- [AIM OF THE TASK] Return the entries below in their exact form, leaving the pictures out.

- [DATA EXTRACTS]

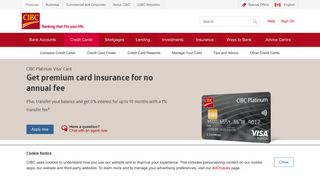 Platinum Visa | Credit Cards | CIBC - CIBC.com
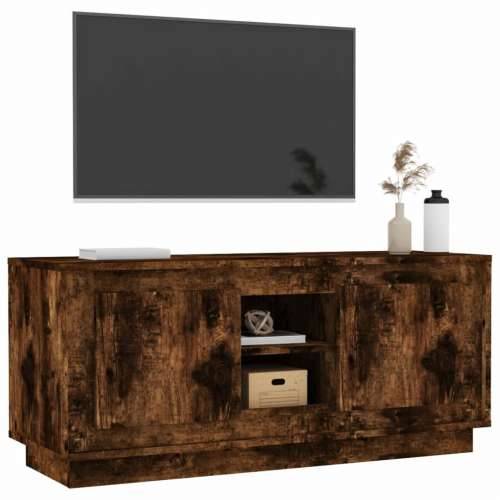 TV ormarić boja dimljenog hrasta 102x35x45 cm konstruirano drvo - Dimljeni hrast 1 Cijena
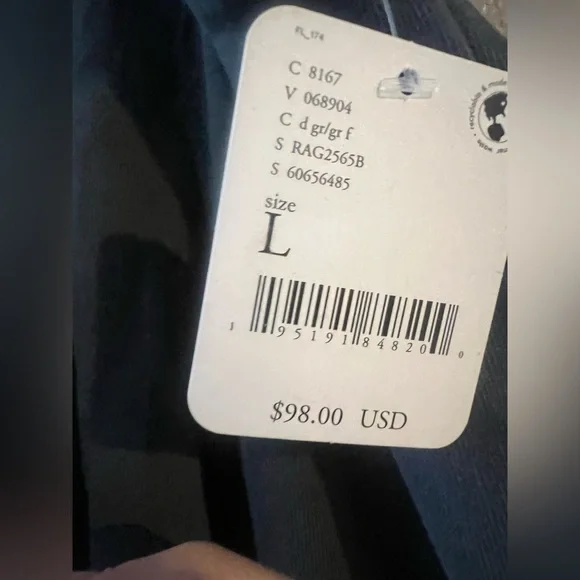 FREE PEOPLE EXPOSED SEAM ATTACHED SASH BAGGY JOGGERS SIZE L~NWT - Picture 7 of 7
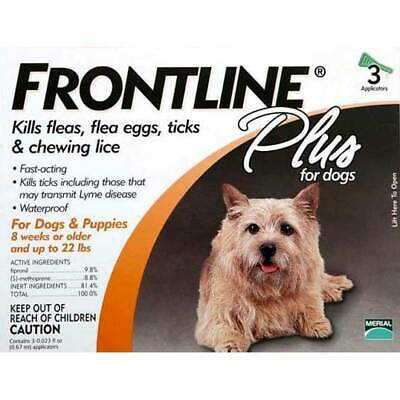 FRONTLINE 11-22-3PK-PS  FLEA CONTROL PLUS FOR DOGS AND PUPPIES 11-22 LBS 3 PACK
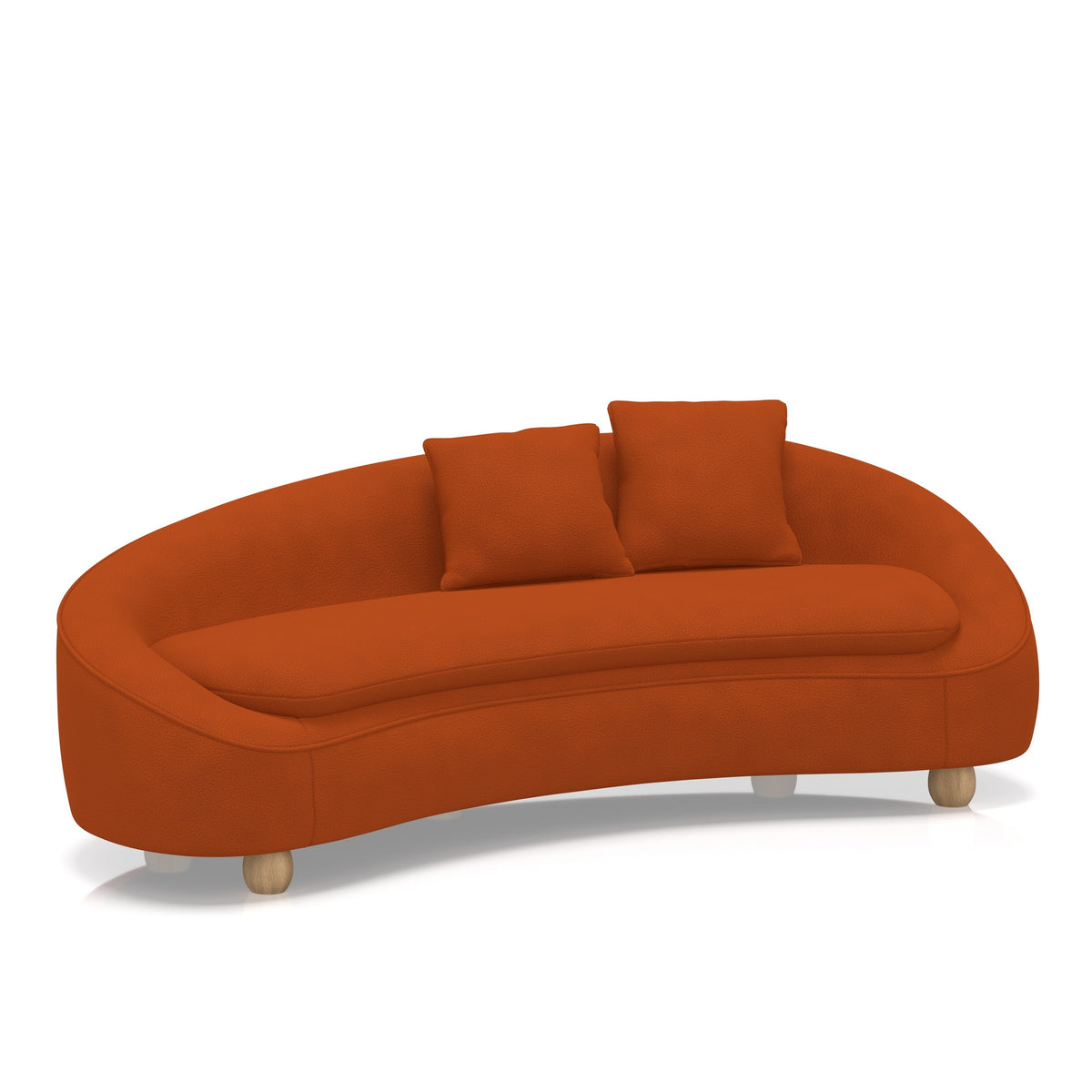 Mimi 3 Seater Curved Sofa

- [THE COMPLETED TASK]
 Platinum Visa | Credit Cards | CIBC - CIBC.com
 TV ormarić boja dimljenog hrasta 102x35x45 cm konstruirano drvo - Dimljeni hrast 1 Cijena
 FREE PEOPLE EXPOSED SEAM ATTACHED SASH BAGGY JOGGERS SIZE L~NWT - Picture 7 of 7
 FRONTLINE 11-22-3PK-PS  FLEA CONTROL PLUS FOR DOGS AND PUPPIES 11-22 LBS 3 PACK
 Mimi 3 Seater Curved Sofa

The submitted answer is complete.